16 janvier 2021

Confinamento

Ao olhar à minha volta, para todas as coisas estagnadas, como se tivessem sido feitas para estarem alí, naquele instante, me dei conta que o meu quarto continha toda a minha vida. Primeiro, as estantes : a maioria dos livros estava empilhada nas prateleiras do corredor. Mas as estantes do quarto guardavam cuidadosamente os meus livros preferidos. Eram os únicos que eu desempoeirava, um à um. Se sucediam numa ordem especial, reconhecível apenas por mim. Cada vez que olhava para um deles, a possibilidade que continha me era de grande reconforto.

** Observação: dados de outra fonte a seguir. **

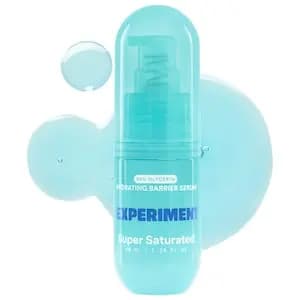 Experiment Super Saturated Hydrating Barrier Serum with 30% Glycerin + Polyglutamic Acid 1.35 oz/40ml [Normal, Dry, Combination, and Oily, Serum, 1.35 oz/40ml]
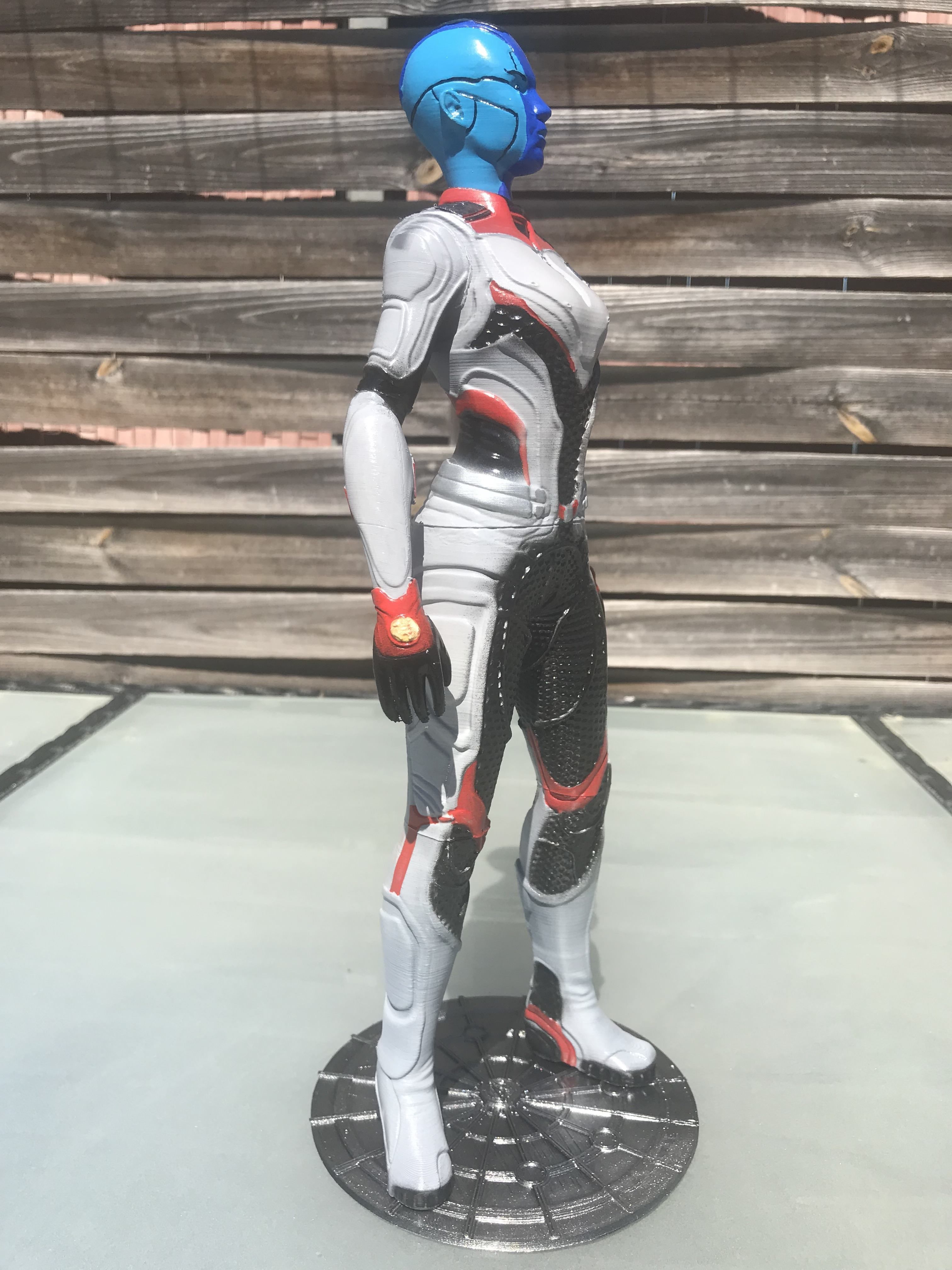 Nebula Avengers Endgame 3D print model_2
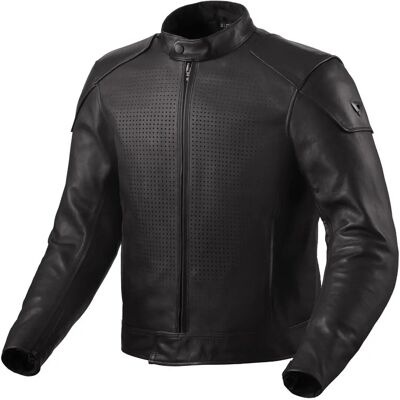 Giacca in Pelle Revit Morgan - Protezioni CE Livello 1 Giacca in Pelle Revit Morgan - Protezioni CE Livello 1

O desflorecer do outono misturado à situação excepcional que vivíamos parecia ocupar todo o espaço exterior. O silêncio, a ausência de movimento. Eu abria a janela de maneira escancarada, para que o quarto pudesse trocar uma substância invisível com o lado de fora. Para que um e outro espaço se fundissem, ainda que por um curto momento. O tempo, como as coisas do meu quarto, parecia estagnado, e feito para se ausentar alí.  

Algumas vezes me tomava uma incerteza aguda. Isso podia durar mais de um ano. Mais de dois. Me imaginava seis anos depois... “No começo pensamos que em dois ou três meses tudo estaria resolvido. Na virada do ano, como em toda virada de ano, veio a esperança, que foi maior que nos outros anos. Parecia que tudo ia, finalmente, voltar ao lugar, e foi como se chacoalhássemos a cabeça para apagar um pensamento ruim. Apenas mais um ou dois meses... Somente no fim do quinto ano é que pensei “talvez isso dure para sempre”...”.

Mas a minha preocupação era outra; a verdadeira questão que me afligia era saber se algum dia eu ia conseguir sair do meu quarto. Porque tudo estava exatamente alí. A foto do último carnaval : a alegria do calor e a purpurina. A satisfação de uma cama confortável, nem muito dura, nem muito mole. Três ou quatro cobertores grossos. Uma luminária de cabeceira, para tornar a página o único lugar existente antes do sono. Uma luminária grande, com uma lâmpada forte e quente, para enganar o corpo. O poster de um show do David Bowie. Uma garrafa de água, uma chaleira, uma grande xícara.      

Andava lendo um livro sobre Emily Dickinson. Ela também não saia do quarto. Ou, num dado momento da vida, ela passou a não sair mais do próprio quarto. Não sou que nem ela. A visão que tenho da minha janela não é a mesma que a dela. Eu vejo uma senhora que assiste televisão o dia todo, no prédio vizinho. Até no escuro. Um ou outro entregador. Mais atrás, um homem que fuma na sacada, um gato, outro que trabalha, um velho pinheiro de natal encoberto por um plástico. Emily Dickinson via coisas invisíveis, e ainda que eu pudesse olhar pela sua janela, ainda assim não ocuparia o espaço feito ela.

Mas sinto, também, algo urgente. Algumas vezes se transforma em quase angústia; noutras, na maioria, é sublimidade. Uma mistura de espanto e contemplação. Só não consigo descrevê-la, não importa a quantidade de palavras que use, nem em que ordem as coloque. Me parece que a questão de sair do quarto está ligada à esse sentimento. Porque ainda que não veja o invisível da minha janela, vejo muito mais, e também quando fecho os olhos, ou observo um pedaço da parede, o descascar da tinta do teto, os pés da mesa (porque dois dos objetos mais importantes do meu quarto são a pequena mesa de madeira, e a cadeira, colados à cama). Nos últimos meses, fui tomada pela impressão de poder ver mais daqui, do meu quarto, que contém toda a vida.